Hasta que una vez con Anthony, en casa de un chico mayor que ellos, la probó por primera vez y “una calidez por su sistema... la sensación de bienestar en las indeseables procupaciones de la vida, como la ansiedad. Todas esas inseguridades sobre ser bajito (de estatura), tenerle miedo a las mujeres, todo se disolvió... me creí un artista verdadero. Qué idiota”.
Aventuras
Diáfanas aventuras corren en el papel de Acid For The Children, como la relación con su amigo Kiedis, una que no puede entender, porque desde que lo conoció supo que había encontrado “a alguien dispuesto a hacer lo que sea, y nunca había tenido un amigo así... Mi relación con Anthony es... si llegara a entederla, toda la energía cósmica se le escaparía”, porque había hallado al “cómplice perfecto, alguien a quien las convenciones le importaban un carajo”.
Flea, el chaparrito y poderoso bajista de los Red Hot debuta como escritor. Muestra una prosa impredecible e ingeniosa. Acid For The Children (editado por Planeta) es el lado vulnerable de Flea, quien cuenta sus anécdotas tan tiernamente como quien declara de forma abierta su amor por la música.
Las memorias de su infancia y juventud no son sólo un relato de hechos, sino, además, un “análisis sobre las adversidades en su vida, como el consumo excesivo de drogas y la falta de arraigo familiar que lo llevaron a buscar amor en la cara de las personas que veía en la calle”.

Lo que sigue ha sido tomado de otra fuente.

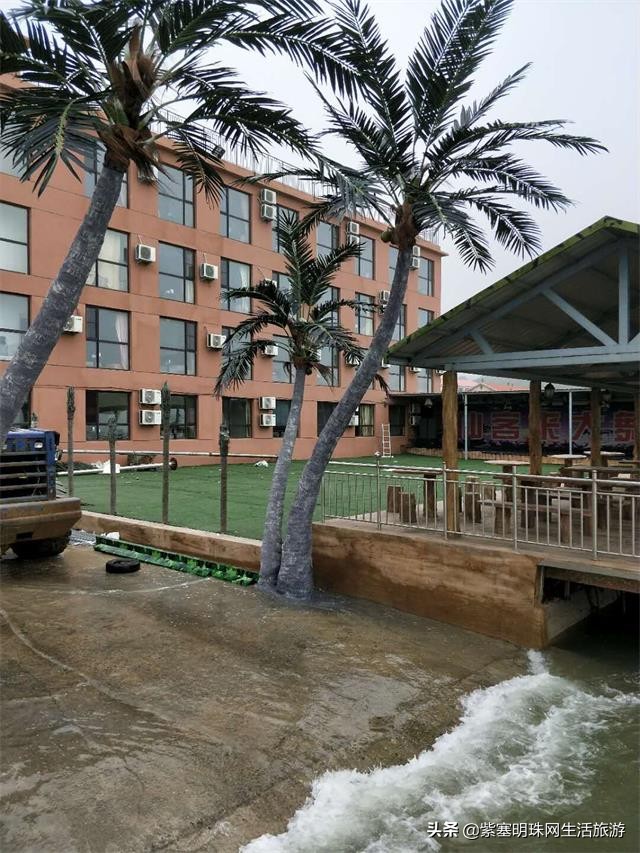 大连哈仙岛仙客来酒店,哈仙岛海鲲度假村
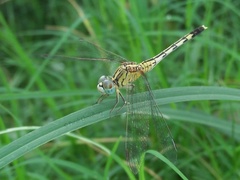 Diplacodes trivialis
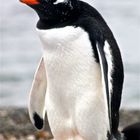 Tierra del Fuego - pingüino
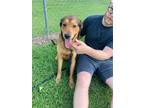 Adopt Andy a Labrador Retriever / Mixed dog in Darlington, SC (41304101)
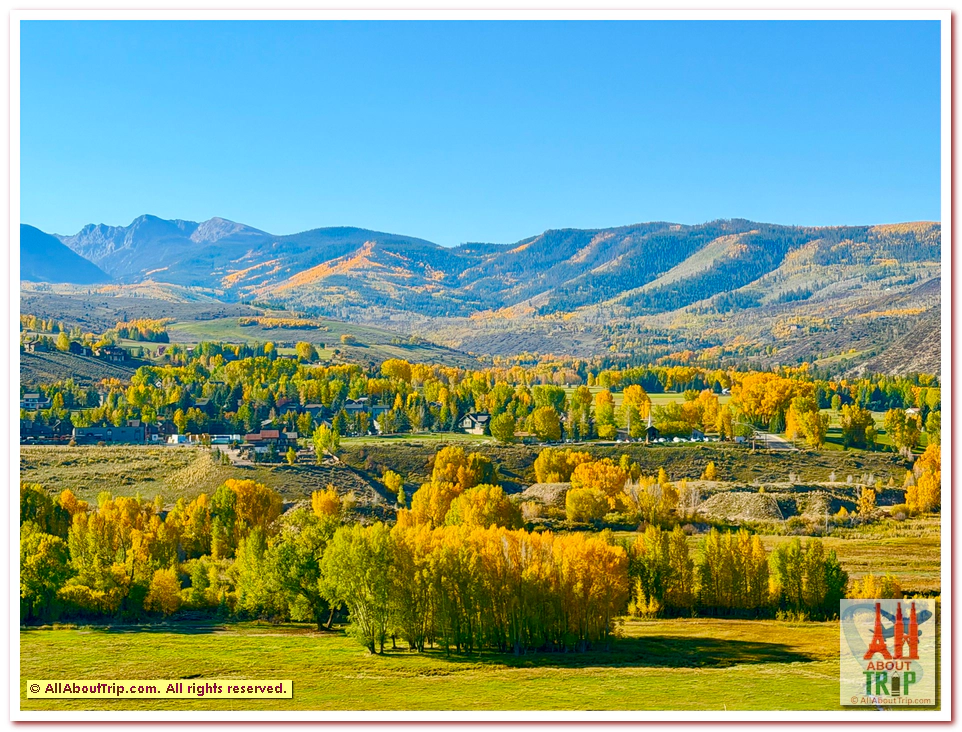 Aspen Gold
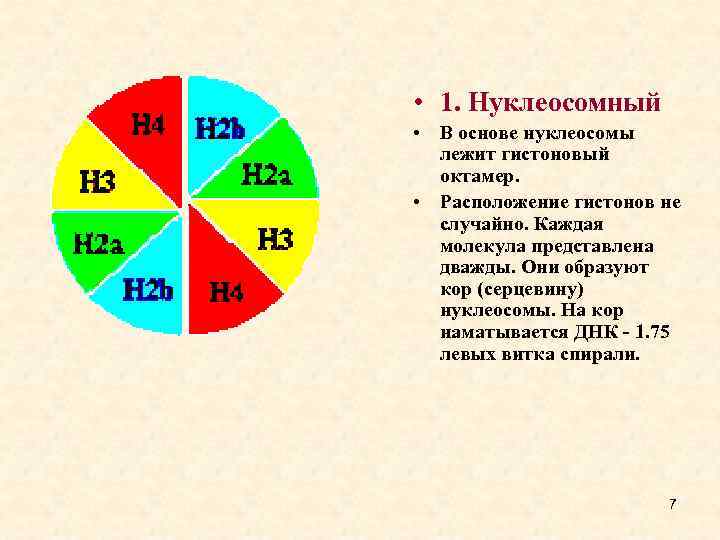  • 1. Нуклеосомный • В основе нуклеосомы лежит гистоновый октамер. • Расположение гистонов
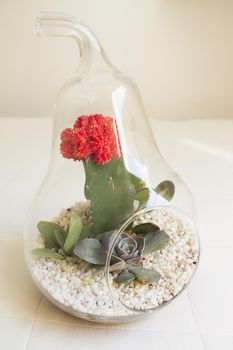 Succulent plant terrarium inside a glass pear. No people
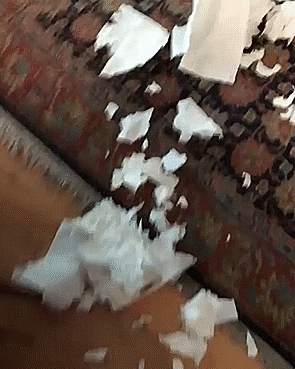 Просто гифки, всякие и разные Просто гифки, всякие и разные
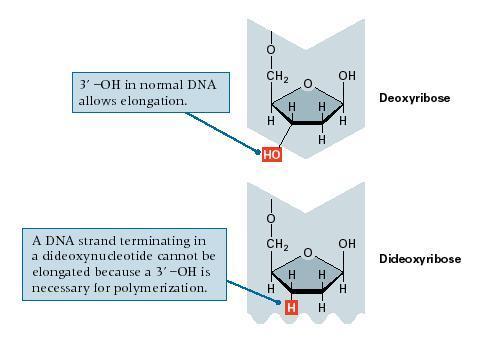 dideoxynucleotides ddatp, ddgtp, ddttp, ddctp missing O for bonding of next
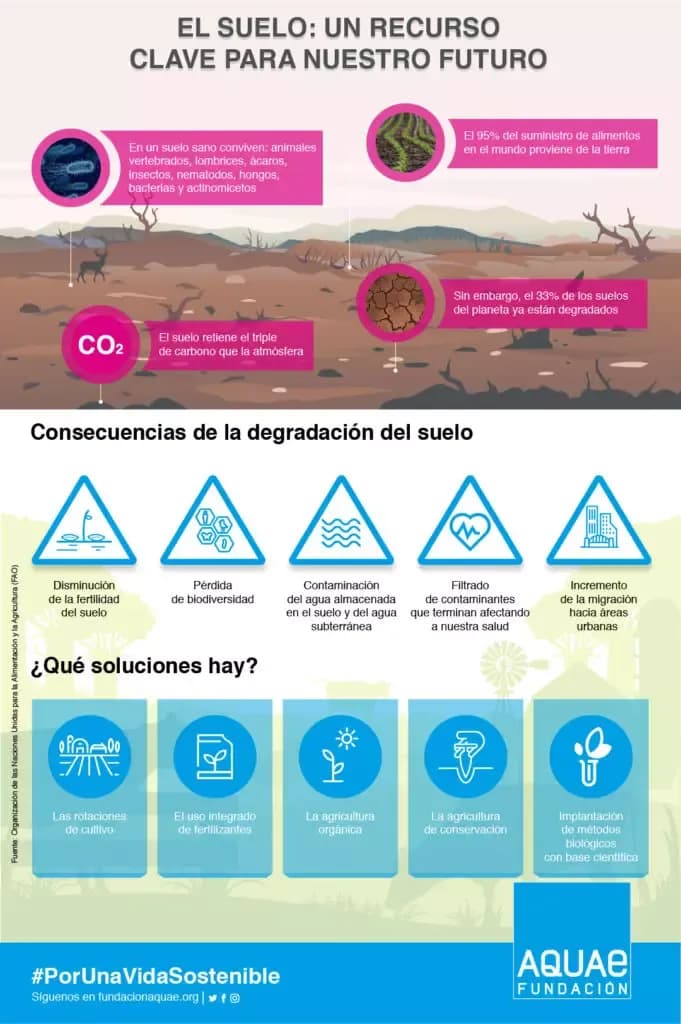 Imagen ilustrativa: Día Internacional de la Conservación del suelo: ¿por qué es importante?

Flea hace “un ejercicio de catarsis”, y presenta algunos versos que asoman una poética del caos. El libro trae regalo: un poema que Patti Smith le dedica a manera de entrada. Lo bautizó Inocencia.
“Toda mi vida he luchado contra esa parte de oscuridad que hay en mí; y, entonces, de milagro me rescatan. No dejo de saltar sobre montañas de mierda; mi paciente ángel guardián no deja de levantarme, limpiarme y ponerme en el lugar en el que puedo dejar que el infinito ritmo del amor estalle en mí...”
La publicación se ha convertido en bestseller y fue nominada al premio Grammy 2021 como mejor álbum de spoken word.